Sunday, April 17, 2011

Blankness is Bad for SEO

Most website owners crave traffic from the preeminent search engine of our times, Google, and work very hard to achieve it.

And they should. Diligence, perseverance, and superhuman industriousness are needed to rank well in competitive niches.

Yet hard work based on ignorance doesn't help much at all. Even superhuman hard work doesn't help if funamental mistakes have been made.

Here's an example of a fundamental mistake: a blank website.

That's right, a website which is completely devoid of content. Not surprisingly, it won't rank for anything, no matter how many articles you write, no matter how many directories you submit to, no matter how many backlinks you obtain.

But who would put up a blank website?

Well, lot's of people, especially ecommerce netrepreneurs.

Of course, the website isn't blank to the human eye. There's a header, some nifty widgets on the side, and numerous listings of items for sale at eBay and Amazon.

But search engines disregard all this. The header isn't text content, so that's ignored. The widgets are rendered in Javascript, and aren't visible to search engines. The listings may or may not be Javascript, but they are piped from eBay or Amazon, and the content resides on the mother site. The content on the blank website is like a hologram - a replica.

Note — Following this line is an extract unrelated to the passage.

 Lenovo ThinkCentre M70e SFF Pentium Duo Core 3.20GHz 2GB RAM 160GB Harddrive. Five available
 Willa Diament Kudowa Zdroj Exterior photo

If the coding is very good, it is indistinguishable from content embedded into the site, but it's still duplicate content, which makes the site useless. In most cases, the coding isn't good, because sites like eBay and Amazon aren't interested in helping you rank well in the search engine results. And all the listings are very clearly not resident on the ecommerce site.

To make sure you aren't serving blank content to search engines, use an analysis tool, such as the superlative Qirina. This tool allows you to not just see the content of a site the way a search engine would see it, but analyzes it as well.

If the Qirina analysis thinks your niche could be "privacy policy" then you probably have a problem. Similarly, if on the basis of a keyword analysis Qirina concludes that your site is about "spongebob squarepants" even though you are in the business of selling cat food, then you should probably cut back on cartoon-related posts.

Always make sure your hard work is building on knowledge and real expertise. Use the right tools to make sure you aren't making critical mistakes.